There is a relatively new niche emerging in the world of RVing, and it’s called Overlanding. Have you heard of it? If you have, it probably puts you into one of two camps: Interested in this camping concept – or not interested at all. So, what is it that makes this love it or hate it trend? Well, most RVers are aware of the terms boondocking and/or dry camping. These monikers describe setting up camp without services, meaning no electric, water, cable or any other amenities you might typically find in an organized government (or private) park. But Overlanding, while a form of dry camping, is in fact taking the off-grid, out-of-the-park description one step further. This is the very point of Overlanding. Those that choose to Overland want to go where most don’t; they don’t dry camp because they happened to get caught between organized campsites one night. These folks are not concerned with comfort stations, hydro hookups, pools and shuffleboard courts. They want to get away – really get away.

If this image of Overlanding appeals to you, then be thankful you live in Canada. We are blessed with so much easily accessible outdoors space that the pursuit of Overlanding puts virtually the whole country at your disposal.



Now, Overlanding (most likely) started with rooftop tents on 4WD trucks/SUVs. Personally, I’ve seen many versions of these, particularly in Africa at least a decade or so ago – then I saw them again in the western United States. I even attended an Overlanding expo in Northern California some years ago. Now this rooftop tent trend has been taken one step further and incorporated into the purpose-built Overlanding trailer.

A company called TAXA recently sent us a news release showing off its newest Overlanding trailer, the ‘Mantis’. Reviewing said company’s website is what led to this blog post on Overlanding. TAXA’s website says they build trailers with everything you need – and nothing you don’t. Looking at the Mantis this statement proves true, in my opinion at least.



The Mantis is a 19-foot trailer that has space for four as well as a design that accommodates pets and adventure toys. Low roof access height is offset with a pop-up fabric tent-roof that is also optimal for ventilation when set up. The Mantis features 20 gallons of fresh water, a wet bath with cassette toilet, two-burner stove and a separate sink. But the key to an Overlanding trailer, or keys I should say, is twofold– low overall weight and high ride height. The Mantis has a dry weight of just 2,972 lb and also features a ground clearance of 14-inches, which is more than most factory-built trucks and SUVS.



This trailer also has a Timbren axle-less suspension (think four-corner independent automotive suspension), and thereby eliminating the full width of the axle, this trailer is much less likely to get hung up on rough terrain.



It also rides on Cooper Discoverer AT3, 16-inch tires that are rated for both on and off-road use. Another unique feature that bears mentioning is a ‘Lock ‘N’ Roll’ hitch. This articulating hitch has 360 degrees of rotation and 3-axis movement, giving you rough trail access as it won’t bind up when towed over uneven ground – this is something you can’t do with a standard ball hitch.

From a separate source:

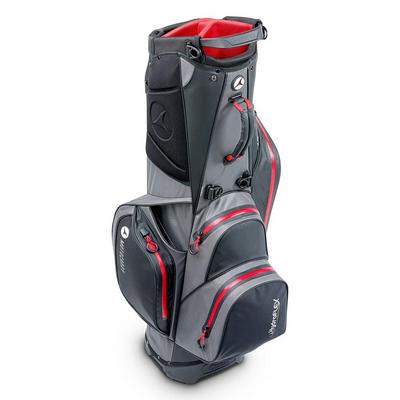 Motocaddy HydroFLEX Golf Trolley/Stand Bag 2024 - Charcoal/Red - thumbnail image 2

Inside the Mantis, the design is all about using every available inch of space and having design features that often serve more than one purpose. For instance, the open shelves are designed to accept milk crates. These stow securely yet can be removed to pack and unpack. Other spaces transform similarly – the dinette drops down to be a bunk or couch, ceiling mounted bunks can also be opened for use and stowed flat when not in use. There is even a mounting hookup for an indoor hammock for sleeping. Still not enough sleeping space? The Mantis has a separate optional rooftop tent available.



This model builds on the features of TAXA’s smaller trailers by offering more liveable accessories that make long-haul trips more comfortable. The 12V electrical system runs most everything. A wet bath with shower and cassette toilet is a definite step above hiking down to the creek and the A/C and furnace take the edge off both hot and cold weather – there’s is even a hot water tank.

While the Mantis is the largest and newest of TAXA’s trailers, they have seven models in all. The others are smaller, with descriptive names like Cricket and Woolly Bear. Its website is worth a look – if for no other reason than to really see what an Overlanding RV is and whether it suits the adventures you have planned in the future.